Required action:
Please copy out every line in the records below that includes the word "фото".

Source data:
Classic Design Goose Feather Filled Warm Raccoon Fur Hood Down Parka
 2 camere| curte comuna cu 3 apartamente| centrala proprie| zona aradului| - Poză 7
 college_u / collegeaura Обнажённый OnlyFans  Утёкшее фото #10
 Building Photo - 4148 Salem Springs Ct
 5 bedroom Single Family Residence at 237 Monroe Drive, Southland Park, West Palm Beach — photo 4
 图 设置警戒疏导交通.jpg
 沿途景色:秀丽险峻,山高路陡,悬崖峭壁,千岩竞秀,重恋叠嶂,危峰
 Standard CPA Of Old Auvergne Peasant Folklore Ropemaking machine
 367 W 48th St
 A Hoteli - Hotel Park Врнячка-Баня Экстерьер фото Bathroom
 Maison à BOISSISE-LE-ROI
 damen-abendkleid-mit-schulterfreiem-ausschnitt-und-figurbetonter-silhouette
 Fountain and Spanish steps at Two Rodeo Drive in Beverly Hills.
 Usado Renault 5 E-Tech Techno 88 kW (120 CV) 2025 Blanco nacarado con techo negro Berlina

Your solution:
 college_u / collegeaura Обнажённый OnlyFans  Утёкшее фото #10
 A Hoteli - Hotel Park Врнячка-Баня Экстерьер фото Bathroom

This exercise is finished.